The Commercial-News, Danville, IL

Local News

July 18, 2011

Give children an opportunity to learn

DANVILLE — A 2- or 3-year-old child who shows immediate signs of blossoming intelligence is the pride and joy of parents thinking of what the future might hold for their little one. But, according to local early child education professionals, early intelligence is not always a sign of immediate success down the road for a child still learning his ABCs.

Ana Nasser is the director of the Child Development Center at Danville Area Community College. In recent years, she has partnered with the University of Illinois, Danville District 118 and the East Central Illinois Community Action Agency in a program that stresses one point of education above all others — literacy.

For Nasser, language and literacy is the basis of early child development.

“Many, many times we will have a child who is super smart,” she said. “He can count, do colors, can do this, can do that. But you put them in a group of peers, and they do not succeed. They have problems.”

Conversely, she said, in a group of children you always see the child with the most language development control the situation.

“Language gives them the power to be successful,” she said.

As a result of this belief, she has worked as part of the Developing Early Language and Literacy in Danville project, also known as DELL-D. The program works to help not only the children, but also their parents.

Absorbing knowledge

Nasser related how she once listened to a speaker talk about the importance of early child development and its long-term effects for children.
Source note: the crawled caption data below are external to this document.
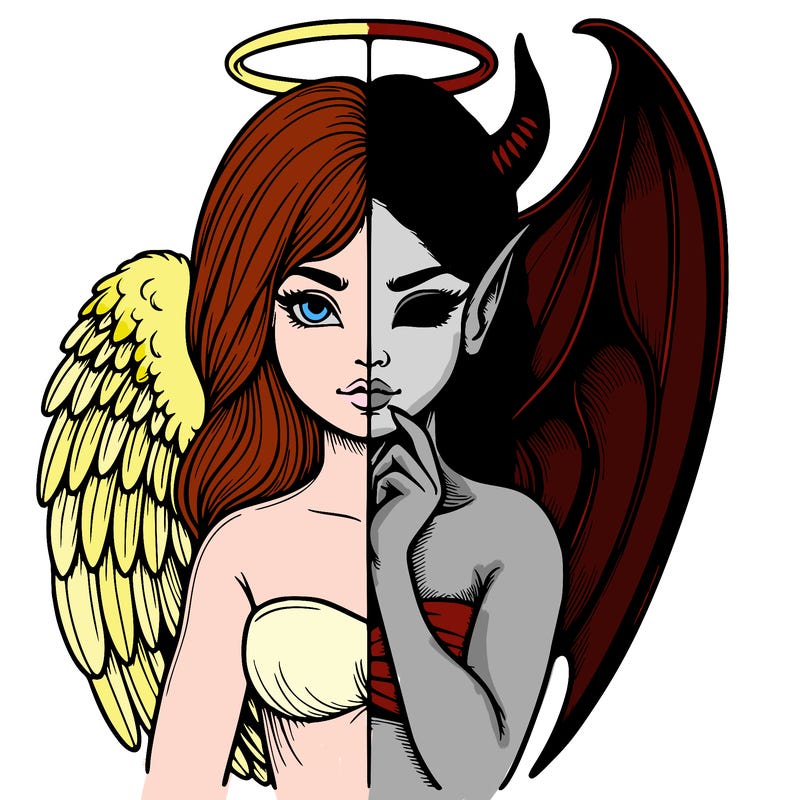 realistic angel half demon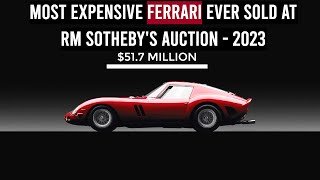 Record-Breaking Auction A 1962 Ferrari 250 GTO Sold At Auction For $51.7 Million In New York 2023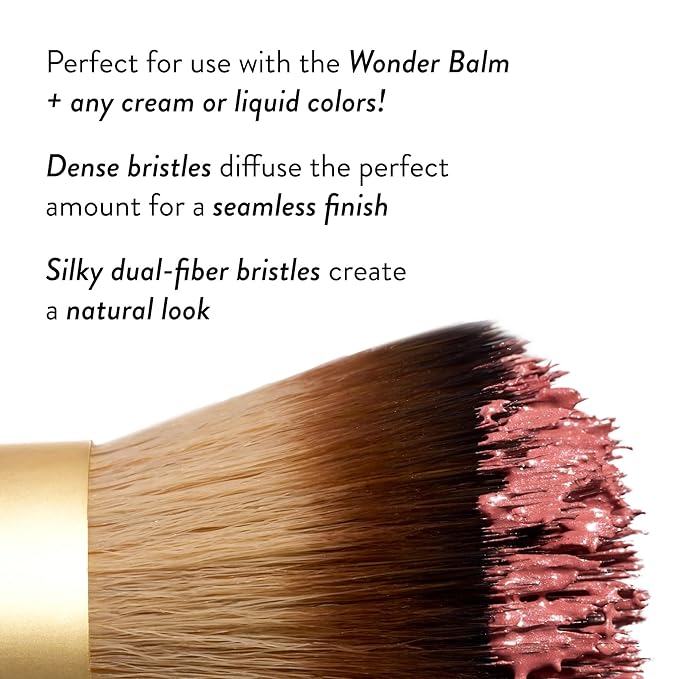 LAURA GELLER NEW YORK The Wonder Brush, Makeup Brush with Wooden Handle, Apply The Wonder Balm, Cream & Liquid Blush, Even Application and Blending-GlimoraGlow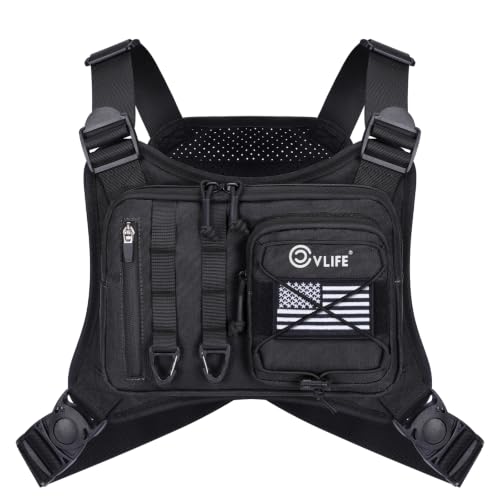 CVLIFE Chest Bag for Men, Outdoor Adjustable Running Vest with Gear Holster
To underline the point, the speaker pointed out officials in the states of Arizona and California began looking at third-grade reading statistics for students in order to plan — for future state prisons.

“These states have been doing that because literacy, language is critical to success,” she said. “If you don’t have the language, you are not going to succeed in that school system.”

In a National Institutes of Health announcement released in June, a continuing study done in Chicago indicates that early childhood development through education is reflected in several ways later on in life.

In 2007, researchers from Temple University and the University of Minnesota followed 1,539 low-income children from the age of 3 or 4 through 24. As many as 1,000 had participated in the Chicago Public School system early childhood program called Child-Parent Centers and around 500 from other early education programs.

Researchers reported that by age 24, the children who had participated in the Chicago Public School system program had attained a higher level of education as compared to students who did not participate in the program. Those participating students also attained higher income and socioeconomic status by age 24 and had health insurance coverage.

Further study results, published in June in the online edition of Science, found that by age 28 participants also had a lower rate of involvement in the justice system, including 22 percent lower rate of felony arrest and a 28 percent lower rate of incarceration and substance abuse.

Overall, the most consistent and enduring outcomes were found in children who participated at the preschool level, around ages 3 and 4, according to National Institutes of Health, a part of the U.S. Department of Health and Human Services.

Not enough children are given the opportunity early on to develop. According to Nasser, young children need to be put in a quality environment that provides education early in their lives, noting the experience “wires their brain to do more than is expected.”

She said a child’s brain is a sponge that’s not empty, but rather filled with information from what they’ve encountered up to that point in their young lives. It is up to teachers and parents to develop that information.

At the DACC Child Development Center, Nasser said children are prompted to think rather than just learn.

Writing is stressed, ranging from writing centers where children can sit down and write whatever they want to students signing their names when they arrive for class.

“Even if it’s a line, we’ll take it,” Nasser said of the sign-ins.

Teachers, instead of reading a book to children and showing them the pictures, ask the children to try to judge what the book is about from the title and examine the photos to guess what will happen next before the page is turned.

Nasser said the language and literacy aspect is intended to open up children, giving them a better knowledge of themselves as well as the world around them.

“When you come here and you ask a child, ‘What do they like?’ they are more into themselves,” Nasser said. “You can recognize their personality better.”

What do I do?

Teaching a child can be difficult, but teaching a parent can be just as hard. Explaining to parents — from first-time moms and dads to experienced parents — just what their actions now will mean in a child’s life 15 years down the road can be tough.

University of Illinois at Urbana-Champaign Professor Jeanette McCollum is part of the DELL-D program. She said parents must have a role in the early development of a child, noting that in some early childhood programs, the children are only there 2½ hours a day.

“The amount of impact by the teacher is a lot, but not nearly as much as if the family is involved too,” she said.

“They have a role in it themselves,” McCollum said of the parents. “It is incumbent on early programs to work with the family as well as with the kids.”

Helping your child in his early years doesn’t mean turning your home into a classroom. According to McCollum, just the simple aspect of talking to your child — even in the car as you drive — and reading to him can make all the difference.

She said a parent should try to involve the child in what they’re doing, whether it’s letting them see you read or watching you write or make a list.

McCollum cautioned anxious parents shouldn’t expect a child to immediately pick up everything they try to teach. They are still developing their fine motor skills, she said, and in some cases developing an understanding of what their name stands for.

“If you provide the opportunity on a daily basis, they will learn,” she said.